Tuesday, August 3rd, 2021

An Early Anglo-Saxon pyramidal mount with cloisonné inlay garnets has been discovered in the Breckland area of Norfolk by a metal detectorist. The rare object dates to between about 560 and 630 A.D., when the counties of Norfolk and Suffolk formed the independent Kingdom of East Anglia in the aftermath of the Anglo-Saxon settlement of Britain.

A petite piece at 12mm x 11.9mm (0.4in x 0.4in), the gold pyramid has a square base and is inlaid on all four sides with three cloisonné garnets in two different styles on opposite sides: a stepped t-shape and a diagonal t with a wavy crossbar. The pyramid has a flat square top with a single cloisonné garnet. The borders between the pyramid’s facets are much thicker than the slim lines that divide the cells on the sides. The garnets have waffle-pattern foil backing, a technique often seen in Anglo-Saxon jewelry (e.g., the Staffordshire Hoard). One of the garnets on the side is missing and some of the others have suffered cracking and chipping. They are all of either Indian or Sri Lankan origin. Under the base of the pyramid is a slightly convex crossing the middle. The inside of the pyramid is hollow and currently full of soil.
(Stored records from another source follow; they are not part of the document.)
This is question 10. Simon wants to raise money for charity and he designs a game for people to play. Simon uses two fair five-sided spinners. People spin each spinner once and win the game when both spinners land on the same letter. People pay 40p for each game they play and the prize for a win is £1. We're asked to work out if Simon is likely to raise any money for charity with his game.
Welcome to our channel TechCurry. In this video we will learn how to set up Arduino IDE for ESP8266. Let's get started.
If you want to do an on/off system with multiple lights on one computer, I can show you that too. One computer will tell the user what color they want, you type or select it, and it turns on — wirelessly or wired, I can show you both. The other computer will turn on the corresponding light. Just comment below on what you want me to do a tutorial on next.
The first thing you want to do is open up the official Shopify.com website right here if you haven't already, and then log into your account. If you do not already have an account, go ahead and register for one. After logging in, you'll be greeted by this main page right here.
[Finds liaison officer Helen] Geake said: “It would have been owned by somebody in the entourage of a great lord or Anglo-Saxon king, and he would have been a lord or king who might have found his way into the history books.
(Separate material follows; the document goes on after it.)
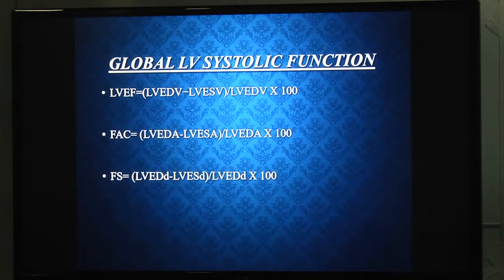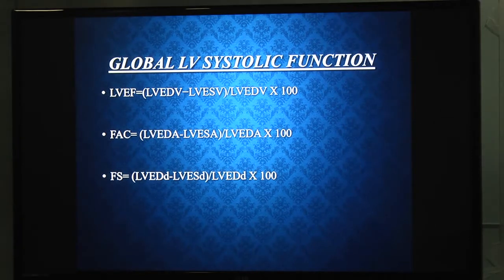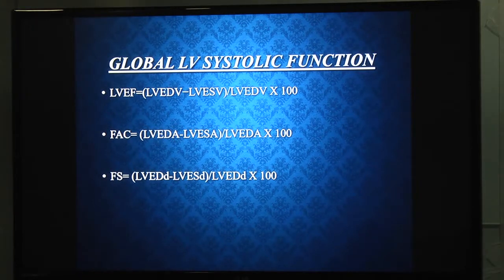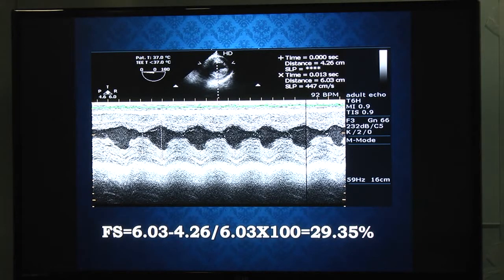For global systolic function of the LV, EF is calculated as: (diastolic volume minus systolic volume) divided by diastolic volume, multiplied by 100. Fractional area change is the LV cavity area in diastole minus systole, divided by diastolic area, multiplied by 100. Fractional shortening is: (end-diastolic diameter minus end-systolic diameter) divided by end-diastolic diameter, multiplied by 100. For fractional shortening, it is better to use M-mode in the transgastric short axis or long axis view, measuring dimensions in diastole and systole.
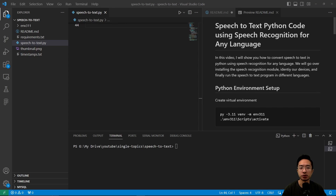In this video, I will show you how to convert speech to text in Python using speech recognition for any language. We will go over installing the speech recognition module, identify our devices, and finally run the speech to text program in different languages.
“They or their lord had access to gold and garnets and to high craftsmanship.”

While Anglo-Saxon pyramidal mounts have been found before — primarily as one-off finds rather than in a funerary context — it’s not entirely clear what their function was or where exactly they were mounted. The bar crossing the underside suggests it may have been a scabbard mount, used to secure the sword into the scabbard by threading the strap through the bar on the base of the pyramid

Pyramidal mounts were created and used from the late 6th century until the early 8th. They went from short, squat pyramids on square bases to taller, slimmer versions with a variety of shapes including circular, hexagonal and octagonal. The recently-discovered example is from the early period.